Everyone can be above average

All it requires is some selection bias

There were quite a few teachers during my time at IIT Madras who were rumoured to have said the line “I want everyone in class to be above average”. Some people credit a professor of mathematics for saying this. At other times, the quote is ascribed to a lecturer of Engineering Drawing. In the last 20 years I’m sure even some statistics professors would have been credited with this line.

The absurdity in the line is clear. By definition, everyone cannot be above average. The average is a measure of central tendency. However you define it (arithmetic mean, geometric mean, harmonic mean, median, mode), the average is by definition a “central value”, meaning you will have numbers both above and below it. In the worst case (assuming you are using a mode or median for a highly skewed distribution), there will be a large number of data points EQUAL to the average. Everyone cannot be above (strictly greater than) average.
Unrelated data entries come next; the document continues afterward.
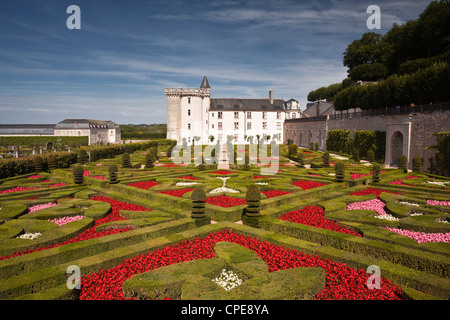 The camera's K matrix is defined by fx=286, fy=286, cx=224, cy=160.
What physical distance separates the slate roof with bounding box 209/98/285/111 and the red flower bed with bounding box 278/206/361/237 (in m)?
53.8

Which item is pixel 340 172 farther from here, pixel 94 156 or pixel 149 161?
pixel 94 156

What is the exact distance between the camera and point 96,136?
6469 cm

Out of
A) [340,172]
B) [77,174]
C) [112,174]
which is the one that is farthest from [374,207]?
[77,174]

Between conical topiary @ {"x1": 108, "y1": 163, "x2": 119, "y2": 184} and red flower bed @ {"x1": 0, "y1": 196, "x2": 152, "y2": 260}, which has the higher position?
conical topiary @ {"x1": 108, "y1": 163, "x2": 119, "y2": 184}

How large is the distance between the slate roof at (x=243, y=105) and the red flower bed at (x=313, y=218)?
2120 inches

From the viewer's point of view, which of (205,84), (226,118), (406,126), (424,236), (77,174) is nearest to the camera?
(424,236)

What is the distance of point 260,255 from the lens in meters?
7.69

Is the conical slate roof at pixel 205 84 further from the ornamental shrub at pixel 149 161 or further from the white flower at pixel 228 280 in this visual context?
the white flower at pixel 228 280

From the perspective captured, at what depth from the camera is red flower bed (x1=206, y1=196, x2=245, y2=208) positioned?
1233 centimetres

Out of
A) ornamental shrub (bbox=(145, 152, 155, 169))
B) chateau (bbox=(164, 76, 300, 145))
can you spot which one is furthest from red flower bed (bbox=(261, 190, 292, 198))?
chateau (bbox=(164, 76, 300, 145))

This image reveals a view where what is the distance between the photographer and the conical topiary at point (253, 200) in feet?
33.2

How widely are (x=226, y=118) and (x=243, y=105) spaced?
5090 mm

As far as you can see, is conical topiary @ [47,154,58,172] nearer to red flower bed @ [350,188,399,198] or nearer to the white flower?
the white flower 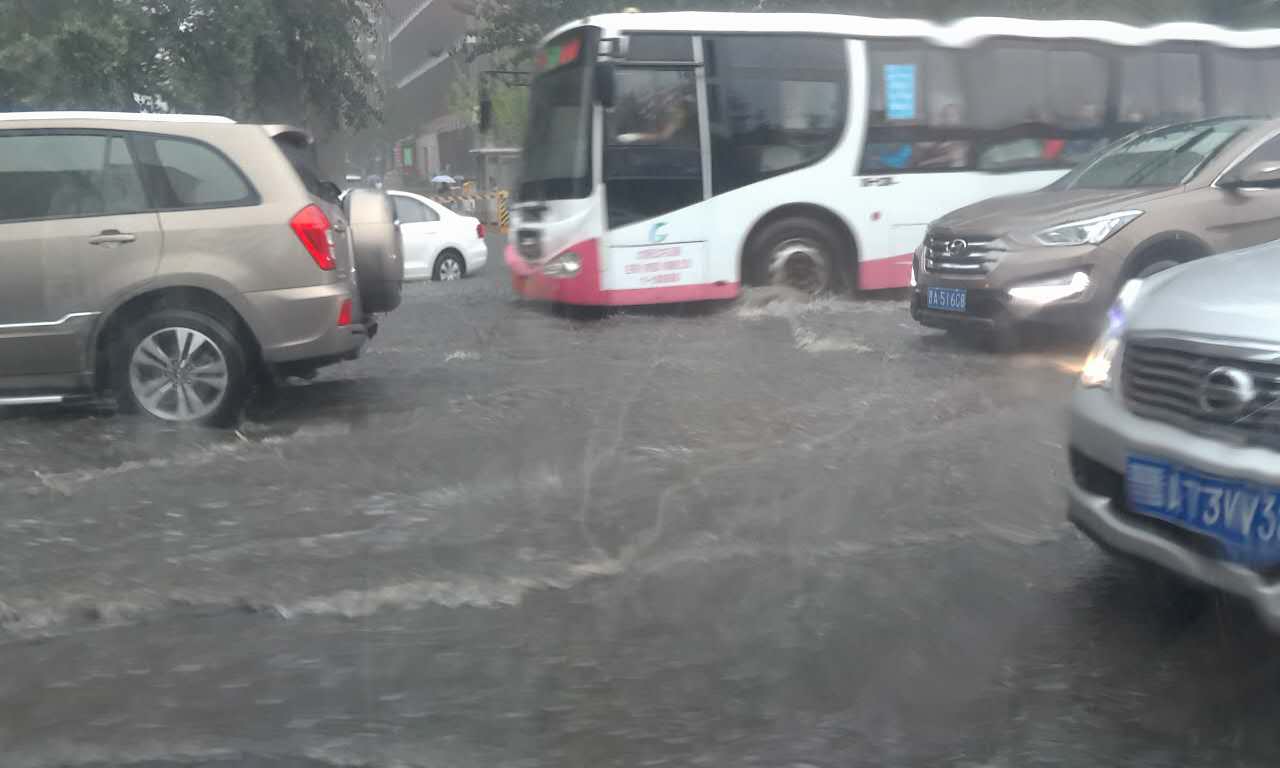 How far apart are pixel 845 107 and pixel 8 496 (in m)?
8.88

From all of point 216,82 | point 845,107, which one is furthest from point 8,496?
point 216,82

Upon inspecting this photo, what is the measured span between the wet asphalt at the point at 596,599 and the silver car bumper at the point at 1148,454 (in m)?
0.21

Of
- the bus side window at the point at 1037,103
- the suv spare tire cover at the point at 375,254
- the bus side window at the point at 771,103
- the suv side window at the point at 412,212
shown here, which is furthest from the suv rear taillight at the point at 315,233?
the suv side window at the point at 412,212

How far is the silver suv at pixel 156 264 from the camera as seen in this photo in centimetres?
690

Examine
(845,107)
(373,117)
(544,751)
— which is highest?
(373,117)

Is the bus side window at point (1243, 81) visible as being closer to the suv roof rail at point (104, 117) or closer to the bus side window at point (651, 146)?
the bus side window at point (651, 146)

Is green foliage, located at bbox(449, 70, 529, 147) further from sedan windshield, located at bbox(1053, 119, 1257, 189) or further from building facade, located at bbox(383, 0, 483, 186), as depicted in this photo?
building facade, located at bbox(383, 0, 483, 186)

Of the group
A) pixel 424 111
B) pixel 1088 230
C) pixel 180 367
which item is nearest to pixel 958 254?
pixel 1088 230

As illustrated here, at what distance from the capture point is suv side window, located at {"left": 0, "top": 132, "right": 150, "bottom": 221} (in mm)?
7008

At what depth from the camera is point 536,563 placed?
4738mm

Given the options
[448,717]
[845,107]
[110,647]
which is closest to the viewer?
[448,717]

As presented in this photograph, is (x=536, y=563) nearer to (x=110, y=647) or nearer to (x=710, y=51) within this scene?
(x=110, y=647)

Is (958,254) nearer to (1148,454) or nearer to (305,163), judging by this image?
(305,163)

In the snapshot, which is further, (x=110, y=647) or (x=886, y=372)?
(x=886, y=372) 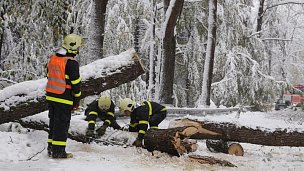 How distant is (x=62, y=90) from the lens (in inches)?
262

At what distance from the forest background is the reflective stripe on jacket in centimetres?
486

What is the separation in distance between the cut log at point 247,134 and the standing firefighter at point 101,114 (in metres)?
1.24

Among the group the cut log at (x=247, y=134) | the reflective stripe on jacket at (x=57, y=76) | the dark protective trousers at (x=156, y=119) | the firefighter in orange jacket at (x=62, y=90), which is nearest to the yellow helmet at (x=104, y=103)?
the dark protective trousers at (x=156, y=119)

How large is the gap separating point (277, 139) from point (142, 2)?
13.3 meters

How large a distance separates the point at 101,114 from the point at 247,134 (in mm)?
2878

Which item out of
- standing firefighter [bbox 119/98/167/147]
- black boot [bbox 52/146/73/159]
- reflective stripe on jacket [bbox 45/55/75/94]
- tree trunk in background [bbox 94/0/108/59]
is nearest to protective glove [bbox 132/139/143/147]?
standing firefighter [bbox 119/98/167/147]

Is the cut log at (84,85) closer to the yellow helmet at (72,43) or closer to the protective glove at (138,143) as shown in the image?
the yellow helmet at (72,43)

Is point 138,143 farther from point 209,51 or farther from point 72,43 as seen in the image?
point 209,51

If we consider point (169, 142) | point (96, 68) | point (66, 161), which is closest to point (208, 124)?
point (169, 142)

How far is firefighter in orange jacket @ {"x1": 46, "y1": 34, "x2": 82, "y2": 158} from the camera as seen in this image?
6602 millimetres

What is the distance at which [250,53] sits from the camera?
2717cm

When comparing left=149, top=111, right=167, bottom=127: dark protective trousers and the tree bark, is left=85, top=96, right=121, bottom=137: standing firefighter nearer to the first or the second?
the tree bark

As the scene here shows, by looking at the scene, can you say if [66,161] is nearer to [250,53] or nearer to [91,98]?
[91,98]

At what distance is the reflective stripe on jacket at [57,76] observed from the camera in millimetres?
6629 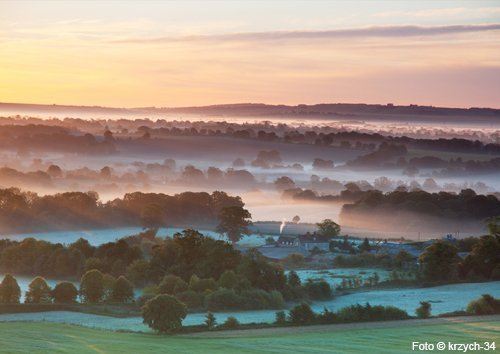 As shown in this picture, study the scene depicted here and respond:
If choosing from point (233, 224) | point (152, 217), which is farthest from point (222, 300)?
point (152, 217)

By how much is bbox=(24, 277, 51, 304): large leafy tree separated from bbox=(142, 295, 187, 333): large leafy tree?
10.8 meters

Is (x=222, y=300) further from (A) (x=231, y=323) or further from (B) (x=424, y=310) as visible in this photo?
(B) (x=424, y=310)

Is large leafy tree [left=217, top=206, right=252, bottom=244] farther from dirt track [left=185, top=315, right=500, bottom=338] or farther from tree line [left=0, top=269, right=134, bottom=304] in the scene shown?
dirt track [left=185, top=315, right=500, bottom=338]

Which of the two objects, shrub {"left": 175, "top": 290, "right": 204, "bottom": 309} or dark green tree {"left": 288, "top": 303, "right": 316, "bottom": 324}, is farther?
shrub {"left": 175, "top": 290, "right": 204, "bottom": 309}

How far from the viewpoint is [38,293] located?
60312mm

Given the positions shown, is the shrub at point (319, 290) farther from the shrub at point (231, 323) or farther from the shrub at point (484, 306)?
the shrub at point (231, 323)

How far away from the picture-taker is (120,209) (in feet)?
374

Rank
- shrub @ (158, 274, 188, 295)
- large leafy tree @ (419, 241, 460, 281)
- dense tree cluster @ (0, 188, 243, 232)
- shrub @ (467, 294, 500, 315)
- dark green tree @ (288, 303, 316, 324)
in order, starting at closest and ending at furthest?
dark green tree @ (288, 303, 316, 324) < shrub @ (467, 294, 500, 315) < shrub @ (158, 274, 188, 295) < large leafy tree @ (419, 241, 460, 281) < dense tree cluster @ (0, 188, 243, 232)

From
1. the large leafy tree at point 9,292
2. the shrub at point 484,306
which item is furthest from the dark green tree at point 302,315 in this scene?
the large leafy tree at point 9,292

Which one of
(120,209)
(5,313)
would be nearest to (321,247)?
(120,209)

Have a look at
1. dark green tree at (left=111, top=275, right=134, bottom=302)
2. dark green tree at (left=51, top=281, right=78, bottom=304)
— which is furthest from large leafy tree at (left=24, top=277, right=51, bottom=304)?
dark green tree at (left=111, top=275, right=134, bottom=302)

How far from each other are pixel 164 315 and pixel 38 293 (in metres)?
12.7

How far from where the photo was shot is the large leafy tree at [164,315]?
4994 centimetres

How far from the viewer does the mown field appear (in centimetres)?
4275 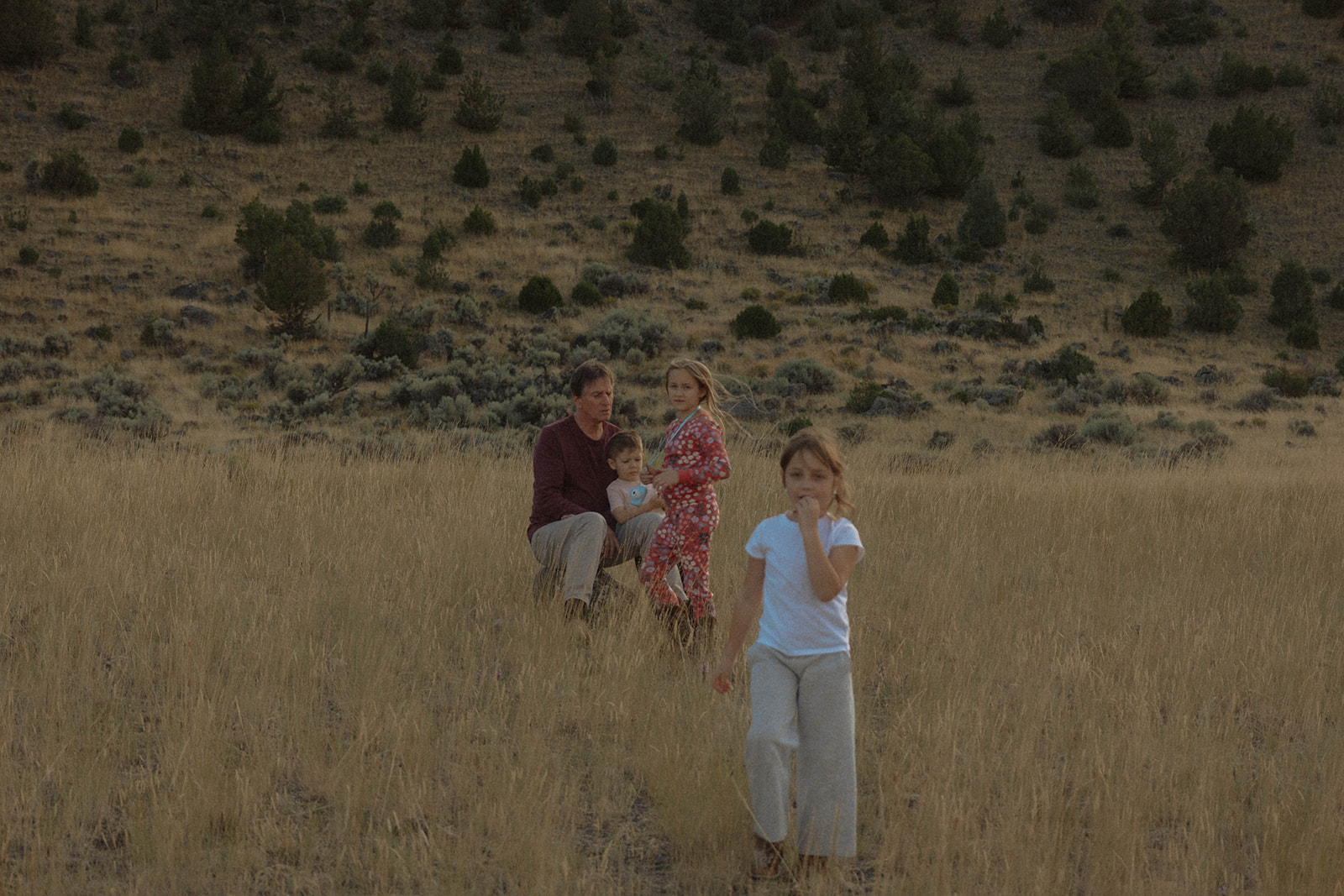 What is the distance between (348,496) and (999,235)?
39.4m

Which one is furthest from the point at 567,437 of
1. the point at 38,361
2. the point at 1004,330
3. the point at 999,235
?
the point at 999,235

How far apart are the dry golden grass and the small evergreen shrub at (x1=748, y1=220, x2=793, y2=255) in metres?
32.4

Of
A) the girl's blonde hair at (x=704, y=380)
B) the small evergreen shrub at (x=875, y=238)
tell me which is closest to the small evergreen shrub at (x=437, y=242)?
the small evergreen shrub at (x=875, y=238)

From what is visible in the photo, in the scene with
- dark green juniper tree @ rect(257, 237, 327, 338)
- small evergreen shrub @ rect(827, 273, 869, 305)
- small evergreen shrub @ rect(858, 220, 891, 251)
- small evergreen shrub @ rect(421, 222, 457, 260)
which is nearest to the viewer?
dark green juniper tree @ rect(257, 237, 327, 338)

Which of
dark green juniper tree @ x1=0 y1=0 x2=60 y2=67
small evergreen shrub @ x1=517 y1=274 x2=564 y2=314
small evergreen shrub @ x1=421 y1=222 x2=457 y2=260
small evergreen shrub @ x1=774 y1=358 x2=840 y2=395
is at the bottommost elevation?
small evergreen shrub @ x1=774 y1=358 x2=840 y2=395

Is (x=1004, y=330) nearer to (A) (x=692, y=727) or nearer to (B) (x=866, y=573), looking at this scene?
(B) (x=866, y=573)

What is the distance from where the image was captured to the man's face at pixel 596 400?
5500mm

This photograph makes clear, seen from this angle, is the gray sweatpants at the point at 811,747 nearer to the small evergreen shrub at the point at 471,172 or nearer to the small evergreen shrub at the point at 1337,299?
the small evergreen shrub at the point at 471,172

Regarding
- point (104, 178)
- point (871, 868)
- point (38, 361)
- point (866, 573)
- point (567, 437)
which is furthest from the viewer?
point (104, 178)

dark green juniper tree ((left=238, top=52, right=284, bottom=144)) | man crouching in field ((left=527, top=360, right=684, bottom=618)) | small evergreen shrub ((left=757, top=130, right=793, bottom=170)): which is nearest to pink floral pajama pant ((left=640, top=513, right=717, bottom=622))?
man crouching in field ((left=527, top=360, right=684, bottom=618))

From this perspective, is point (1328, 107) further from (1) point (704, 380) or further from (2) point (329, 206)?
(1) point (704, 380)

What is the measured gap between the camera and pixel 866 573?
22.6 feet

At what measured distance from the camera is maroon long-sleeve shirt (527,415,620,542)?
5629mm

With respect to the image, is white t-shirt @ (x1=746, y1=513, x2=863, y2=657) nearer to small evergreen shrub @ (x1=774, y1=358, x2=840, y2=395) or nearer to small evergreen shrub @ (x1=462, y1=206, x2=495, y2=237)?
small evergreen shrub @ (x1=774, y1=358, x2=840, y2=395) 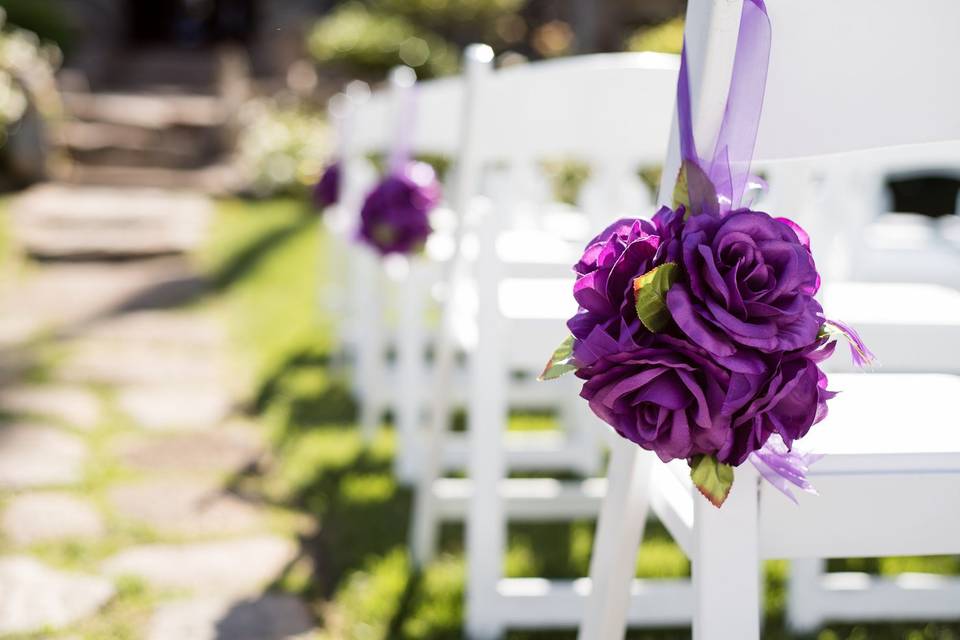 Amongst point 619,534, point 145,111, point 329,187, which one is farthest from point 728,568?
point 145,111

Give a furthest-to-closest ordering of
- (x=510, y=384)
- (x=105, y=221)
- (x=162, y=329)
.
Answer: (x=105, y=221) < (x=162, y=329) < (x=510, y=384)

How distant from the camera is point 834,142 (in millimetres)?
1064

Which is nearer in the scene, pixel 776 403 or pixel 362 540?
pixel 776 403

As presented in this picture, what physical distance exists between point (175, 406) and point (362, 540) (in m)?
1.46

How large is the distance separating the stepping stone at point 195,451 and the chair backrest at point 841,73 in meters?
2.43

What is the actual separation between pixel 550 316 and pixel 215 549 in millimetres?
1127

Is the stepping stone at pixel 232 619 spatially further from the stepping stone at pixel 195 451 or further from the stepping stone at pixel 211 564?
the stepping stone at pixel 195 451

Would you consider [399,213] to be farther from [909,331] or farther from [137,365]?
[137,365]

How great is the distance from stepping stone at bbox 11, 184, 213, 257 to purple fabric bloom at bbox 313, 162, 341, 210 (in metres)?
2.57

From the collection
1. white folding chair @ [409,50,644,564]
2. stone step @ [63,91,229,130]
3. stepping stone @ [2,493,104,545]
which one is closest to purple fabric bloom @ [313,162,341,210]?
white folding chair @ [409,50,644,564]

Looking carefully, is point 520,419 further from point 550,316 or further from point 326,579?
point 550,316

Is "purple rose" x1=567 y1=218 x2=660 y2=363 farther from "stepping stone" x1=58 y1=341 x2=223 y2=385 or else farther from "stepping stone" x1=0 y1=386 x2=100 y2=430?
"stepping stone" x1=58 y1=341 x2=223 y2=385

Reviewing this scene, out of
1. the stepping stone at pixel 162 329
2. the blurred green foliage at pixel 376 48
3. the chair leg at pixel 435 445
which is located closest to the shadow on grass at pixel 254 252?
the stepping stone at pixel 162 329

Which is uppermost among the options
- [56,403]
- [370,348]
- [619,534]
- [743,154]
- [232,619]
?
[743,154] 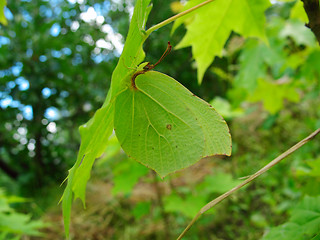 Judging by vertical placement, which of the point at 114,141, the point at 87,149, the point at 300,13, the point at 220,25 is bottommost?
the point at 114,141

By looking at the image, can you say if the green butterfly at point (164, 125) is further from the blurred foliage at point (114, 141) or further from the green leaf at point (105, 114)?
the blurred foliage at point (114, 141)

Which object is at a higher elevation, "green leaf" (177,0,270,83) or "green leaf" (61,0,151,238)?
"green leaf" (177,0,270,83)

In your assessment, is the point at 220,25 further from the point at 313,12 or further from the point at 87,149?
the point at 87,149

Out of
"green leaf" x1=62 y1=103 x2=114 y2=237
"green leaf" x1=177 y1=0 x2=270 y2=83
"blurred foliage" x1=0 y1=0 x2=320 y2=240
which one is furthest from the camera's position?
"blurred foliage" x1=0 y1=0 x2=320 y2=240

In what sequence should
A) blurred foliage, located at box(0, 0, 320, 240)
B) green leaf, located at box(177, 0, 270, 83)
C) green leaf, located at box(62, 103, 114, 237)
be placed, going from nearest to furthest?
1. green leaf, located at box(62, 103, 114, 237)
2. green leaf, located at box(177, 0, 270, 83)
3. blurred foliage, located at box(0, 0, 320, 240)

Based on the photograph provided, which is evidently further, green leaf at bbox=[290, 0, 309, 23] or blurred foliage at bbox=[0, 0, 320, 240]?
blurred foliage at bbox=[0, 0, 320, 240]

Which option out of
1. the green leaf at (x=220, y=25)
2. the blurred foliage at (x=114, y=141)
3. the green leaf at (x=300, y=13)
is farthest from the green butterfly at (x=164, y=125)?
the blurred foliage at (x=114, y=141)

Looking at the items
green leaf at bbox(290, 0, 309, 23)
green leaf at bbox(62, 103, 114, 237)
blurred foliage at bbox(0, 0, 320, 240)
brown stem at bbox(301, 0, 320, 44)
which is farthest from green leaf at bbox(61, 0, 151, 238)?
blurred foliage at bbox(0, 0, 320, 240)

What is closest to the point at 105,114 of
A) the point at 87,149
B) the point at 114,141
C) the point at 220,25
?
the point at 87,149

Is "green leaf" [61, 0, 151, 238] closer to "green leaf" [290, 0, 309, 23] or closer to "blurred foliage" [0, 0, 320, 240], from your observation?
"green leaf" [290, 0, 309, 23] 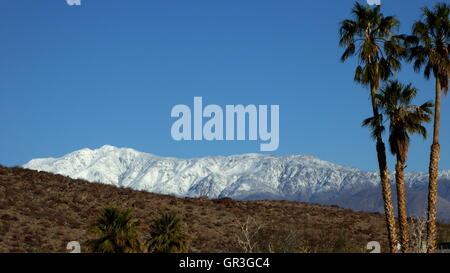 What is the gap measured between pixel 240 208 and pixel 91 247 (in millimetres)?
36859

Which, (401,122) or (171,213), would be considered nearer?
(401,122)

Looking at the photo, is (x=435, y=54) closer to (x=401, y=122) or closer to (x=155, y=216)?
(x=401, y=122)

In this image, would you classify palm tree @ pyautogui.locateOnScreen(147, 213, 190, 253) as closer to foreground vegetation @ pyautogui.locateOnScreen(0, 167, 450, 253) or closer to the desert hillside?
foreground vegetation @ pyautogui.locateOnScreen(0, 167, 450, 253)

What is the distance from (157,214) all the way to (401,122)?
1208 inches

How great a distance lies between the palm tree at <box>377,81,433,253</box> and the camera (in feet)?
113

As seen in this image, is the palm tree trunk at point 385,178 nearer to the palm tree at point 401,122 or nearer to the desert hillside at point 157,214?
the palm tree at point 401,122

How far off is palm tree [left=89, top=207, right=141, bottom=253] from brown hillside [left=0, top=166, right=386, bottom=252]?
15.0 metres

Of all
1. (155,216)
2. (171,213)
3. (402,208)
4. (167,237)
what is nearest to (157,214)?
(155,216)

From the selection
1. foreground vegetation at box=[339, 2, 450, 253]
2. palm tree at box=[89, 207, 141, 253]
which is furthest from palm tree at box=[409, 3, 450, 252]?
palm tree at box=[89, 207, 141, 253]

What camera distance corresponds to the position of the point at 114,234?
102ft

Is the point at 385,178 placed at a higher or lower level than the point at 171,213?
higher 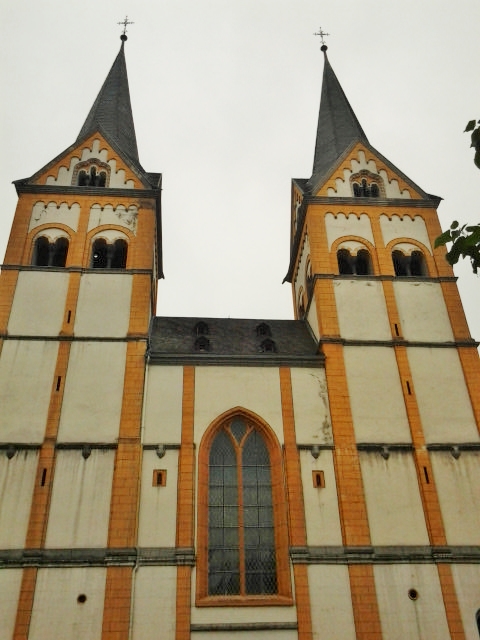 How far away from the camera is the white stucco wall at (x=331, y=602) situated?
17984 mm

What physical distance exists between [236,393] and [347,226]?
1039 cm

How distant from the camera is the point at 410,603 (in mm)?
18578

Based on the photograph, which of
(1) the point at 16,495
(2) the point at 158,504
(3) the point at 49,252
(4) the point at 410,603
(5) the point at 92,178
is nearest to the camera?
(4) the point at 410,603

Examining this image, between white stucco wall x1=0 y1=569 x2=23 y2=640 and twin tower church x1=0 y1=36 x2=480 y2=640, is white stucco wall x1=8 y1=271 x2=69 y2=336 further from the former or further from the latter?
white stucco wall x1=0 y1=569 x2=23 y2=640

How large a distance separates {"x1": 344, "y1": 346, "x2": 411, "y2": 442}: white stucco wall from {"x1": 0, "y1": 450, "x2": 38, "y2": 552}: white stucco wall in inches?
431

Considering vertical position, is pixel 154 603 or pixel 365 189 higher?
pixel 365 189

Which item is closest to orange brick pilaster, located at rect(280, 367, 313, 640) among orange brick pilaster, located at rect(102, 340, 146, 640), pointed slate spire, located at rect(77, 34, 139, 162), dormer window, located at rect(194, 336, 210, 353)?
dormer window, located at rect(194, 336, 210, 353)

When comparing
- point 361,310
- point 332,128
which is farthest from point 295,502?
point 332,128

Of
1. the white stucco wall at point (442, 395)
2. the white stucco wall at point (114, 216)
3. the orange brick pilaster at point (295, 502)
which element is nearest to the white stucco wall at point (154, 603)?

However, based on some recent incidents, I figured out a way in which everyone can actually be above average. All it takes is some kind of selection bias. Basically you need to be clever in terms of how you count – both when you calculate the average and when you define the “everyone”.

Take one example – you have an exam you need to pass to go from Grade 1 to Grade 2. Let’s say the class average (let’s use the simple mean here) is 41, and you need to have scored at least 40 to pass. Let’s also assume that nobody has scored exactly 40 or 41.

Now, if you come back next month and look at the exam scores of all the Grade 2 students, you will find that all of them would have scored strictly more than 41 – the old “average”. In other words, since the below average students are no longer part of the sample (since they have “not passed”), everyone left is above average! The below average set has simply been eliminated!

Another way is simple relative grading. Let’s say there are 3 sections in the class. Telling one section that “everyone should be above average” is fairly legit – all it says is that this particular section should outperform the others so significantly that everyone in this section will be above the average defined by all sections!

It is easier to do in code – using some statistical packages, as long as you slip in a few missing values into your dataset, you will find that the average is meaningless, and when you ask your software for how many are above average, the program defaults can mean that everyone can be classified as “above average” (even the ones with missing values).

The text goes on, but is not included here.